To achieve a good mark, it is not enough to limit oneself to a purely formal working through of the questions. The questions merely provide a framework within which candidates can demonstrate their linguistic expertise. They are expected to include as many linguistically relevant observations as possible in their answers. The quality of an answer is therefore not calculated mechanically according to the number of correct observations, but above all according to whether you know how to use them for your linguistic analysis and whether they go beyond the level of a linguistic-practical discourse in technical-terminological terms.

Structured Answers, Not Collections of Facts

Each individual answer should ideally form a self-contained discussion. The problem at stake should be formulated using linguistic terminology. The theoretical terminological tools that will be used for analysis should be mentioned. This could be followed by comments on what has been written about it in the literature. Finally, these elements should be used to analyse the text in question. The answer should conclude with a summary of the results.

A well-structured answer must be limited to the essentials and only answer what was asked.

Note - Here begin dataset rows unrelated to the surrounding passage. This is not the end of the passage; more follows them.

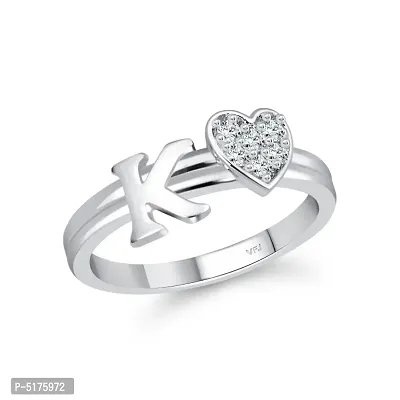 alloy Silver plated Valentine collection Initial ''K'' Letter with heart ring alphabet collection for women and Girls Alloy Cubic Zirconia Silver Plated Ring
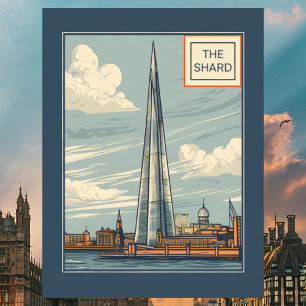 The Shard London UK Vintage Reise Postkarte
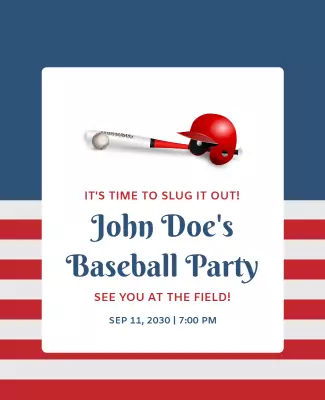 Sporty Red and Blue Baseball Party Celebration Poster Template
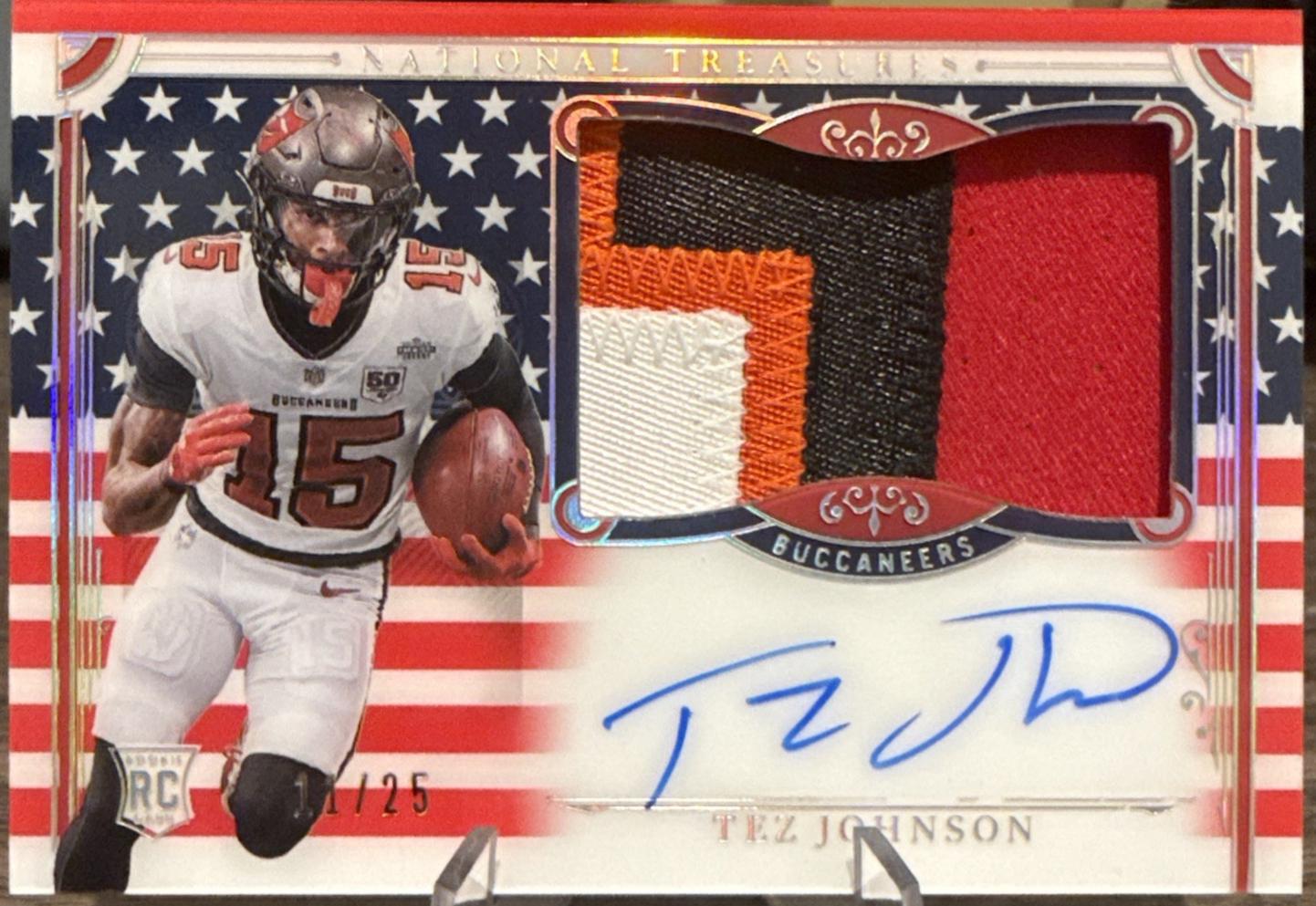 Tez Johnson [Stars and Stripes Blue Rookie Patch Autograph] #196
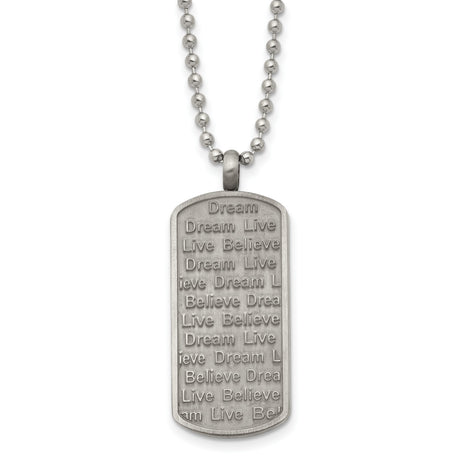 Live Dream Believe Words On Dog Tag Necklace Charm Pendant in Real 316 Stainless Steel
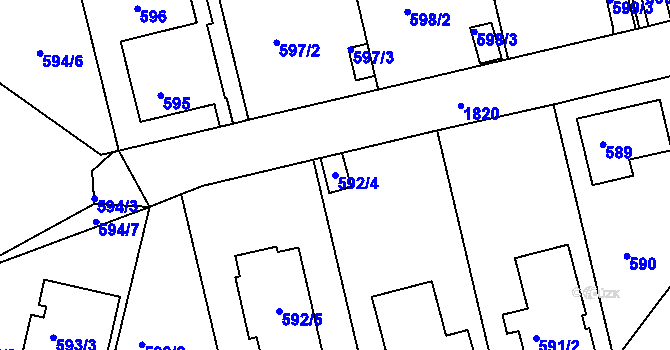 Parcela st. 592/4 v KÚ Bručná, Katastrální mapa
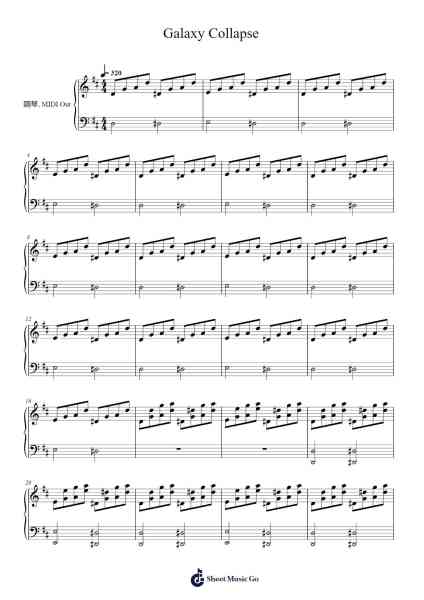 Galaxy Collapse Sheet Music by Kurokotei-Arr.Hartkeats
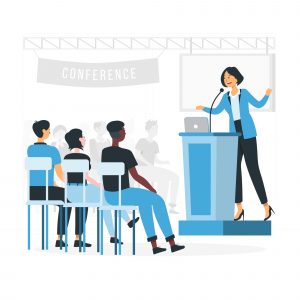 A business conference being hosted by a lady
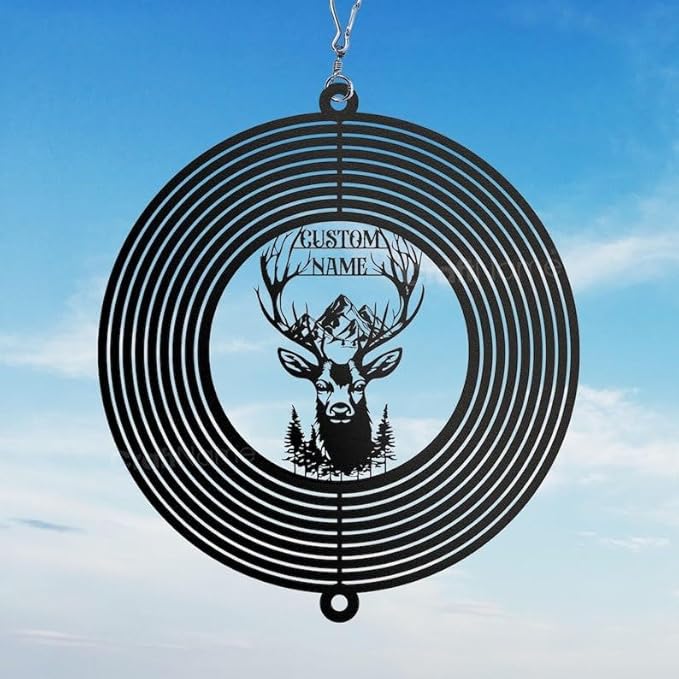 Personalized Deer Metal Wind Spinner, Custom Outdoor Ornament for Yard Display, Kinetic Wildlife Sculpture, Rustic Gift (Deer Garden Wind Spinner)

To grasp the linguistic core of a question is an important aspect of linguistic expertise, which is to be demonstrated in this exam. If the essentials are mixed with correct but irrelevant explanations, this worsens the overall impression.

Analysis, No Theory Presentations

The essence of the linguistic examination in the state examination is text work, not the explicit reproduction of theoretical knowledge. The candidates should therefore work on the analysis tasks for the text and use the theoretical descriptive tools of linguistics in a meaningful way and not, as is often observed, deliver an overview paper on a linguistic theory, which they then merely illustrate with examples from the text.

Every bit of expertise that is recognisably used to answer the task earns positive points. Any piece of knowledge that is simply referred to but not used in the analysis should be avoided.
In the introduction to each answer, candidates should show how they linguistically classify the problem to be analysed; they should possibly indicate which authors or theories in the research literature they base their answer on. Extra points are awarded if alternatives are mentioned here and either both are considered in the analysis, or the decision for one of these alternatives is justified. In this form, the development of theoretical knowledge also earns extra points.

On the other hand, it is unnecessary to define again verbosely what is presupposed to be known (phoneme, cohesion ...) or to recount whole memorised articles including the research report. Everything that is not recognisably included in the analysis is deleted and not assessed.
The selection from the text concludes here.